Mais surtout l’érudition du XIXe et du XXe siècle a été nécessaire pour défaire le mauvais ouvrage qu’avait fait le poêle vieilli, et pour restituer dans leur discrète pureté les Méditations de 1820. Lamartine ayant pris la peine dans Raphaël dans les Confidences et dans les Commentaires de 1849 de nous tromper sur la signification de ses poèmes, de les annexer à sa biographie, et de monnayer en prestige personnel la beauté tout idéale de ses vers, il a bien fallu ouvrir une enquête, vérifier toutes ses assertions, signaler toutes ses inexactitudes. C’est à quoi ont servi les recherches, parfois si minutieuses, de Félix Reyssié, d’Emile Deschanel, de Léon Séché, de M. René Doumic, de M. Pierre de Lacretelle, de M. Jean des Cognets, et de bien d’autres, dont j’ai mis les travaux à profit dans mon édition des Méditations.
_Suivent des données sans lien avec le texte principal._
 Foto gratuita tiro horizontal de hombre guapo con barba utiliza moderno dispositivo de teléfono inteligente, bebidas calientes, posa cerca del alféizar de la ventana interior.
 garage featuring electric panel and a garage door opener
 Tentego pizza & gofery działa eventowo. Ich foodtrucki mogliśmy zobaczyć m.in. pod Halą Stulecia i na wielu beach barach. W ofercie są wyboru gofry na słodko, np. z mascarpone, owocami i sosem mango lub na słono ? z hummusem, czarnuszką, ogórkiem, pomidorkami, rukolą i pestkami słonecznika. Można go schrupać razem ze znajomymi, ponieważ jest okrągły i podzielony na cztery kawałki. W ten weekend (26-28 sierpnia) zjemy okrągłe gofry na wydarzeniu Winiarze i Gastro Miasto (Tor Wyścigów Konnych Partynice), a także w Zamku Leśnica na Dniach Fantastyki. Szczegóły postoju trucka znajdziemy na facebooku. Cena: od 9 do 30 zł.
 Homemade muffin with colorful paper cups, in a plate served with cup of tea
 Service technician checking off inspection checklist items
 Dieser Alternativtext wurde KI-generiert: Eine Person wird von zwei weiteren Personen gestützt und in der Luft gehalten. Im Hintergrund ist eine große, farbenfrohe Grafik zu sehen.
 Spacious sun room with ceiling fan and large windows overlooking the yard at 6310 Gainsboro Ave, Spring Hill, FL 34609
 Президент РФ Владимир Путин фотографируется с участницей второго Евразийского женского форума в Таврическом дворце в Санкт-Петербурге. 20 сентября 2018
Tous les documents qu’on a publiés, tous les faits biographiques qu’on a précisés, concourent avec les découvertes de sources et d’influences, à séparer l’homme du poète et la réalité de la littérature : Non que Lamartine ne fût pas sincère : rarement on le fut davantage en vers. Mais enfin la sincérité de l’inspiration poétique n’est pas l’exactitude d’un chartiste ; et l’idéal, qui est pour Lamartine l’objet de la création littéraire, a précisément pour caractère de n’être pas présent dans l’existence journalière.
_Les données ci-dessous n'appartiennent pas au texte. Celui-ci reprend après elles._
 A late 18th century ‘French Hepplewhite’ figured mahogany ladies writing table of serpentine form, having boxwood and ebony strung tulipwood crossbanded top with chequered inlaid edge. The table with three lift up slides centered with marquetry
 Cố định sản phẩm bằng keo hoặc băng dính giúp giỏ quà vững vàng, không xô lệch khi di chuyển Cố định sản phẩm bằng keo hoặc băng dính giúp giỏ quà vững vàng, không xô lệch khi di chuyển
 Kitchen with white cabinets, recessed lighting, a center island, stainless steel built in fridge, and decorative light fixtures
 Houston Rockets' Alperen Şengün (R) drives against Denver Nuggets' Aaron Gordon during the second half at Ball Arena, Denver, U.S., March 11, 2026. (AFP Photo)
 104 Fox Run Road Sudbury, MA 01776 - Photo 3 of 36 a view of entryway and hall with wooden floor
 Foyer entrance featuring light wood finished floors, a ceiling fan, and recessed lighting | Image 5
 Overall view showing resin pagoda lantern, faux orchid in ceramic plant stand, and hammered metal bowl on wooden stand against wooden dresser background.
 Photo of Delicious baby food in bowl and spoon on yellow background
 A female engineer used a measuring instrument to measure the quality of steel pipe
Cette distinction faite, l’œuvre qui ne se laissera plus interpréter dans son rapport étroit à un homme, à une vie, reprendra toute sa valeur générale et humaine.

En fait, le simple lecteur n’a toujours cherché qu’en lui-même la vérité de ce qu’avait exprimé le poète. De ce fait l’érudition a découvert le fondement rationnel, en a fait un droit. Quand les érudits n’auraient abouti qu’à autoriser le jugement du public et qu’à justifier les braves gens de lire un livre sans penser à l’auteur, ils n’auraient pas travaillé en vain ; et l’on pourrait, pour ce service, être indulgent à leurs erreurs, ou, si vous voulez, à leurs manies.